Para wiozła narkotyki warte 10 mln zł na wschód. Wpadła, bo wyczuł je pies

Funkcjonariusze z Nadbużańskiego Oddziału Straży Granicznej zatrzymali dwoje Rosjan, którzy wjechali dostawczym autem na przejście graniczne w Sławatyczach. Służbowy pies zasygnalizował podejrzane substancje. W skrytkach konstrukcyjnych samochodu funkcjonariusze SG znaleźli hermetycznie zamknięte pakunki różnej wielkości ze skrystalizowaną substancją. W sumie było ich ponad 50 kilogramów.
Przemyt ponad 50 kg MDMA udaremnili funkcjonariusze z Nadbużańskiego Oddziału Straży Granicznej. Substancja ta, to półprodukt do wytworzenia ecstasy.
Do zatrzymania doszło 21 września, kiedy dwoje obywateli Rosji próbowało wywieźć narkotyki z Polski przez drogowe przejście graniczne w Sławatyczach.
Podczas dokładnej kontroli pojazdu, w której czynny udział brał pies służbowy Ceron, w skrytkach konstrukcyjnych samochodu funkcjonariusze SG znaleźli hermetycznie zamknięte pakunki różnej wielkości ze skrystalizowaną substancją - poinformował por. Dariusz Sienicki, rzecznik prasowy, komendanta Nadbużańskiego Oddziału Straży Granicznej.
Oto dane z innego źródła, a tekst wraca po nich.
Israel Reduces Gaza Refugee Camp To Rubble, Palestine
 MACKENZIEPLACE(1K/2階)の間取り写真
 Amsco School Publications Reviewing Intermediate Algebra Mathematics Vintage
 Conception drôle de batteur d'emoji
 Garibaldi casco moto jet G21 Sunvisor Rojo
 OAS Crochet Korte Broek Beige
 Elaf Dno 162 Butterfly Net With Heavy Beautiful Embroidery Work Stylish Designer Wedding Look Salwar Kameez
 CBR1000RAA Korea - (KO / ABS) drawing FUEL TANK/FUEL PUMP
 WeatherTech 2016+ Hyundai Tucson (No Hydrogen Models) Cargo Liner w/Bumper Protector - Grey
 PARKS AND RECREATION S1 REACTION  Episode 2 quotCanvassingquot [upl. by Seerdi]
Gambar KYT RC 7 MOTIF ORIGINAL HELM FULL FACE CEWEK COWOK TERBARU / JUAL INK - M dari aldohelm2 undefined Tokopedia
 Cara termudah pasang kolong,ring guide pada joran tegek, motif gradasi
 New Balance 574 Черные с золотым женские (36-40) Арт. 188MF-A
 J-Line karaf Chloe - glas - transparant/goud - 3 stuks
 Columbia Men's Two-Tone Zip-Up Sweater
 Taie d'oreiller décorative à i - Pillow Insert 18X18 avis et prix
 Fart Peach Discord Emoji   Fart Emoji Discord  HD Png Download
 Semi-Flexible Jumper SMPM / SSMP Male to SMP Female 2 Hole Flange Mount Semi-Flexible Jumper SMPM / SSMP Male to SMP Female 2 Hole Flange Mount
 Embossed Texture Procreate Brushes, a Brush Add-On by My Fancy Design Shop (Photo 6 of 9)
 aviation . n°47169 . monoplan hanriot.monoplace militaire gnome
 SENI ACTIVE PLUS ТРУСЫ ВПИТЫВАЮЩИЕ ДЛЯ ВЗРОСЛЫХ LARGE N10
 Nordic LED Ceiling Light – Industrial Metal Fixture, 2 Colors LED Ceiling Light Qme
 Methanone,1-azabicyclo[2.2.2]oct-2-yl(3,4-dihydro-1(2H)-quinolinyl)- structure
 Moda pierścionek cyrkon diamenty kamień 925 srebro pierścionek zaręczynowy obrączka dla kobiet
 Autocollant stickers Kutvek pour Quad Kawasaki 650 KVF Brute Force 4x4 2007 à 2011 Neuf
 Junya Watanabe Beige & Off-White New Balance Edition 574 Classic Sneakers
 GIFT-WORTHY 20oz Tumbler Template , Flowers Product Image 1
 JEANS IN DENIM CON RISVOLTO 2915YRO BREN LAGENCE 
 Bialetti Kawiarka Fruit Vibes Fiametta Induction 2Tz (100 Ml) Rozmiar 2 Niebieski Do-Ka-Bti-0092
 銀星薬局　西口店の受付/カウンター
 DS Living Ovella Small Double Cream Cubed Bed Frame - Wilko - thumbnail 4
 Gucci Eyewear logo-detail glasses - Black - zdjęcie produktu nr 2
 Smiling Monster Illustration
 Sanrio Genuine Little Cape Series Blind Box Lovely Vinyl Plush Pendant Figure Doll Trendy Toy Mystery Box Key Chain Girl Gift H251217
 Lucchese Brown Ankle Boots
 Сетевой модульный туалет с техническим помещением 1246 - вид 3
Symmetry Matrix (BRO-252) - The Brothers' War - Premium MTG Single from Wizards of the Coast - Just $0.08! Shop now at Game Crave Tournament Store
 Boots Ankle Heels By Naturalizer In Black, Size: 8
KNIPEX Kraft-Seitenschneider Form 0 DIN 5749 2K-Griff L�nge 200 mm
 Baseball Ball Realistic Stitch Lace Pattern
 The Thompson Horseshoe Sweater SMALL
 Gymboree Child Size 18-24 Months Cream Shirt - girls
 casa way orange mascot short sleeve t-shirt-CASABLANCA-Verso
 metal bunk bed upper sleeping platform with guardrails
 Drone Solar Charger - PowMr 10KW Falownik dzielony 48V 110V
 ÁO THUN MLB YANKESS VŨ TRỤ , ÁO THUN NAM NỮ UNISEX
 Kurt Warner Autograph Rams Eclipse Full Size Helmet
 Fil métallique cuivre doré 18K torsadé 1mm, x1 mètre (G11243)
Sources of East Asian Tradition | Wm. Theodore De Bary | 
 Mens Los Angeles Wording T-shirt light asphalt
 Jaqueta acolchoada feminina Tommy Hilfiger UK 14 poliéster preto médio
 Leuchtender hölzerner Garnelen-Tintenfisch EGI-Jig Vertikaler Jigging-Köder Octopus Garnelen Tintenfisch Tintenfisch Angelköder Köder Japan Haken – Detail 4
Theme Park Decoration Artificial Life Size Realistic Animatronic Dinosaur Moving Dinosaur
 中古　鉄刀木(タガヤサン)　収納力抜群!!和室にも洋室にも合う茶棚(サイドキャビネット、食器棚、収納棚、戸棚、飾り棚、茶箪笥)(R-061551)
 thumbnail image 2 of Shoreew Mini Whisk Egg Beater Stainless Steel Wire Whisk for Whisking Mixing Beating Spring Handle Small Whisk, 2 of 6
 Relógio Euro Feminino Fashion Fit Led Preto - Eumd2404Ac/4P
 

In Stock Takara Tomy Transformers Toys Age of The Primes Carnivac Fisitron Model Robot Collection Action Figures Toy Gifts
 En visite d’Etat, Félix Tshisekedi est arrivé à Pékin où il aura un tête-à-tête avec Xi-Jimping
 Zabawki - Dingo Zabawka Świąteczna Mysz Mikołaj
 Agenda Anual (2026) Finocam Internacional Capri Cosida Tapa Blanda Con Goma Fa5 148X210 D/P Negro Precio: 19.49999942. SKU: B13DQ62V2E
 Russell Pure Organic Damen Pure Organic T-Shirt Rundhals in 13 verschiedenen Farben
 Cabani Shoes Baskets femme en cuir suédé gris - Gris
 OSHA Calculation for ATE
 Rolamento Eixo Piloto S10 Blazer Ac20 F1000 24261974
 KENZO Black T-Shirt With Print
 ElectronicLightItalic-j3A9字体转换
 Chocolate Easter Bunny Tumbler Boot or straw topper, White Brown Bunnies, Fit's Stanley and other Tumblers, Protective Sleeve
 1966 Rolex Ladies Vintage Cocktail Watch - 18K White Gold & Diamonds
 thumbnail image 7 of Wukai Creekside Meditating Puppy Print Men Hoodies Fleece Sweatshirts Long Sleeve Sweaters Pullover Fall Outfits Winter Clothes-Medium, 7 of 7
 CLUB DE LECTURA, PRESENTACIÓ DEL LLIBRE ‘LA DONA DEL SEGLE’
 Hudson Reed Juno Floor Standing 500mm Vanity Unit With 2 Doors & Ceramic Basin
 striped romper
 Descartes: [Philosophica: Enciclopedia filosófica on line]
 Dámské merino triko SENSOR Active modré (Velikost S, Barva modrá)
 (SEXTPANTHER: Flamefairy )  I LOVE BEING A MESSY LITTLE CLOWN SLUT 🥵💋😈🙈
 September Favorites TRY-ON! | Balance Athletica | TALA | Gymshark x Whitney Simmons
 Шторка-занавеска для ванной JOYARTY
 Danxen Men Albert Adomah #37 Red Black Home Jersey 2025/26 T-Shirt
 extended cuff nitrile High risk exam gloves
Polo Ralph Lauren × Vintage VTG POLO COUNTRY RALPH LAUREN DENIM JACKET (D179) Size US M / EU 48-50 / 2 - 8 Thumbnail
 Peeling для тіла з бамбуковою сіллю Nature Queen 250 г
Worki ze skrystalizowaną substancją były ukryte m.in. pod podłogą dostawczego pojazdu wykonaną z grubej sklejki. Straż Graniczna opublikowała nagranie, na którym widać jak pakunki są wyjmowane z pojazdu.
Okazało się, że w sumie w samochodzie obywatele Rosji przewozili ponad 50 kg ecstasy.
- To największy taki przemyt przechwycony przez Nadbużański Oddział Straży Granicznej - powiedział polsatnews.pl por. Sienicki.
Wartość nielegalnego towaru oszacowano na przeszło 10 mln zł. Z zatrzymanej kontrabandy można byłoby przygotować około 1 miliona tabletek ecstasy. Wartość narkotyku wzrosłaby wtedy na czarnym rynku dwukrotnie.
Podróżni zostali zatrzymani i usłyszeli zarzuty związane z próbą przemytu narkotyków. Na wniosek Prokuratury Okręgowej w Lublinie oboje zostali aresztowani 3 miesiące. Za popełnione przestępstwo grozi im kara nie mniejsza niż 3 lata więzienia.
Dalsze czynności w tej sprawie prowadzone są pod nadzorem Prokuratury Okręgowej w Lublinie.